Хотя, с другой стороны, почему он для своего самоубийства выбрал именно тот день, когда в Лондоне подписывался такой важный для нашей страны документ, как договор о военном союзе с Великобританией, этого я никак не могу понять.

Люди, близко знавшие Славека, уверяли, что его в последнее время преследовало ощущение надвигающегося катаклизма. Дескать, перед смертью маршал Пилсудский оставил ему некие поручения в обеспечении безопасности Польши, Славек же не смог их выполнить и поэтому застрелился. И, честно говоря, эти разговоры казались мне правдоподобны. Кроме нескольких коротких встреч, мне выпало в начале тридцатых годов провести вечер в беседе со Славеком. Беседа эта дала мне возможность понять его стиль мышления. Это был ужин, на котором помимо хозяев дома было еще шесть персон: тогдашний премьер Януш Енджиевич, два экс-премьера — Славек и Александр Престор, мой приятель, доцент истории права виленского университета Северин Вислоух и довольно известный предводитель радикального крыла виленской молодежи Хенрик Дембиньский. Мы провели больше четырех часов в беседах на самые различные темы.

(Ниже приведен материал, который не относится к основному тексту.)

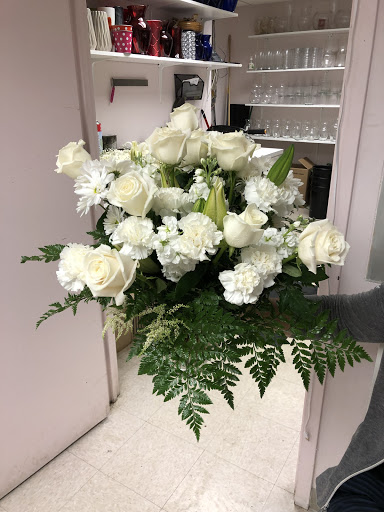 Florist «Brickell Avenue Flowers & Gifts», reviews and photos, 701 Brickell Ave, Miami, FL 33131, USA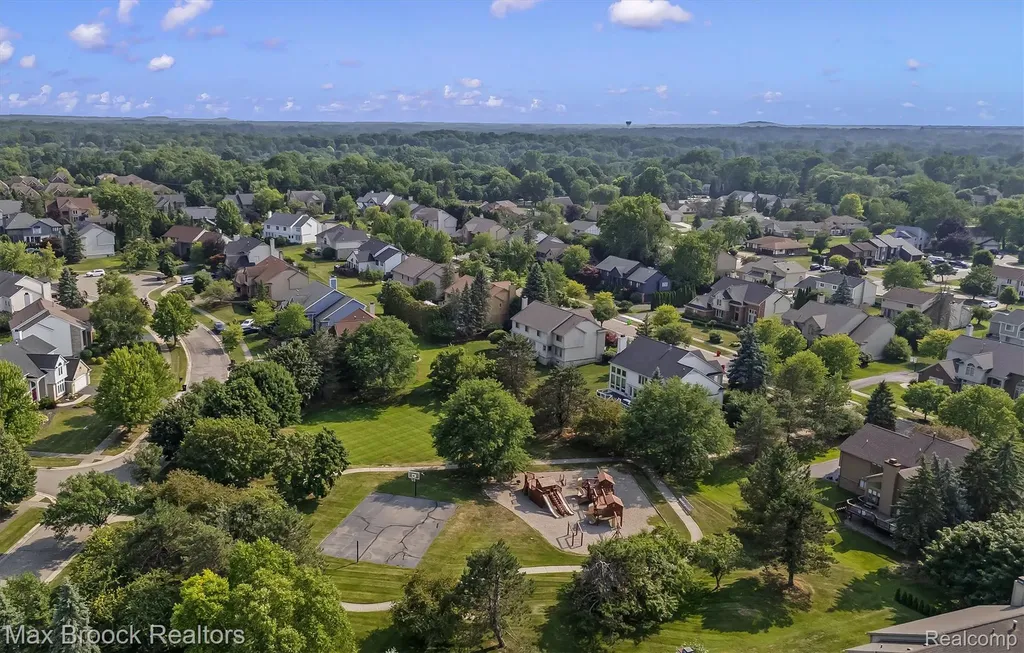 5101 Village Commons Drive West Bloomfield Charter Township MI 48322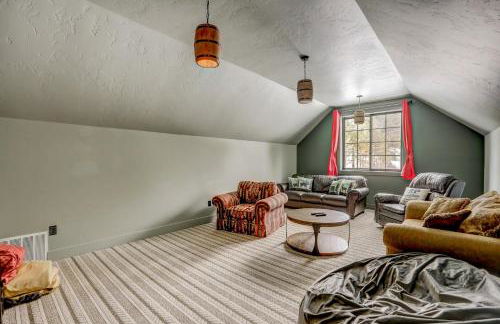 Camp 95 - Stunning Mountain Home - 4.5 Acres - Views - Hot Tub - Pet friendly - Private - Photo 27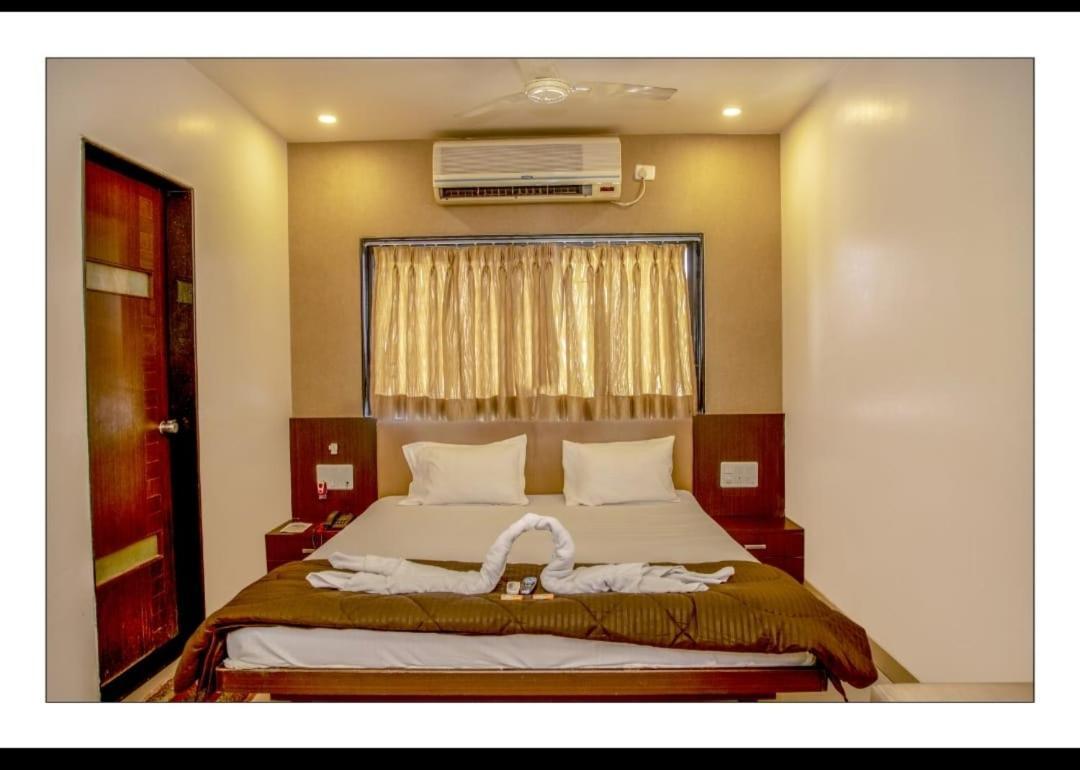 Hotel Sangram Palace Shirur Екстер'єр фото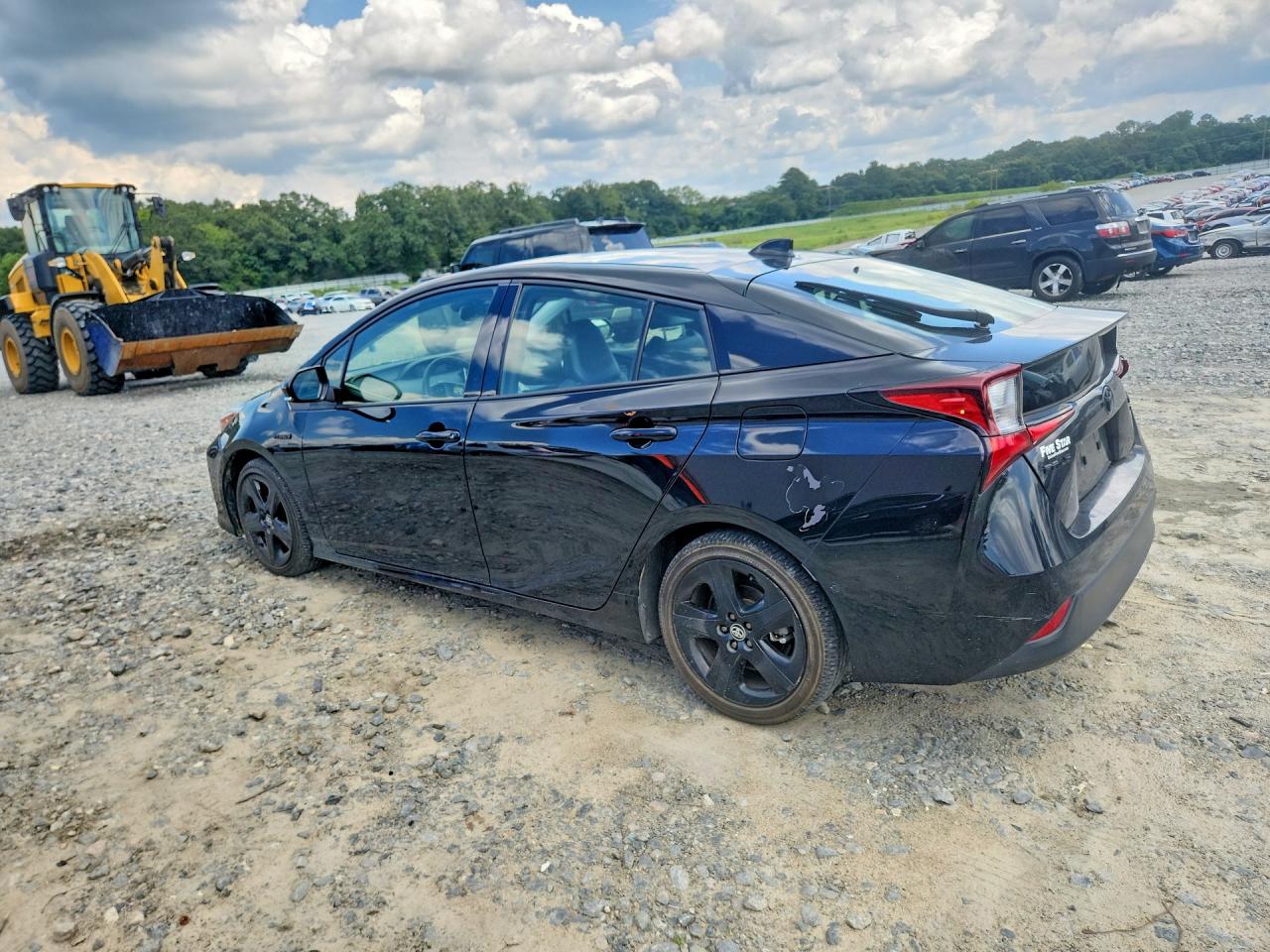 2022 TOYOTA PRIUS NIGHTSHADE — снимка 2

Однако, пожалуй, лейтмотивом нашей беседы был вопрос: куда идет Польша? Внешнеполитическое положение в то время в общем-то не давало поводов к беспокойству, и казалось, что извращенный принцип выборов правящей верхушки внутри страны — вот что беспокоило и занимало Славека. Он говорил, что после мая 1926 года главной задачей законодательных органов должна быть выработка новой конституции, чтобы после смерти маршала Пилсудского Польша могла жить по принципам этой конституции. Он высказал также точку зрения, что политические партии не самое важное, ибо польское общество должно жить в правовом обществе после выработки и принятия конституции. Он несколько раз повторил эту фразу: «Польшей будет править Закон». На мой взгляд утопичность такого подхода была в том, что прежде всего для создания правового государства необходимо воспитать в людях уважение к закону, у нас же происходило нечто противоположное. Наша администрация всячески обходила закон и законность, преследуя благую в общем-то цель — создать в результате выборов правительство, способное к созданию и принятию новой конституции. Предположение же, что политические партии постепенно отойдут на второй план и исчезнут вообще, также, пожалуй, было утопией — ведь ни Пилсудский, ни сам Славек не хотели создания тоталитарного режима. И мне кажется, новая конституция не означала начало процесса разложения политических партий, но подводила нас к новым рамкам и методам политической жизни. Ну и кроме того, всех трех участников беседы — членов правящей верхушки — очень волновал вопрос: кому, какой молодежи им предстоит передать бразды правления государством? Общее ощущение после той беседы у меня сложилось такое, что верхние эшелоны власти, а с ними и вся страна, входят в какой-то мрак, тупик. Кажется, Славек тоже чувствовал нечто похожее.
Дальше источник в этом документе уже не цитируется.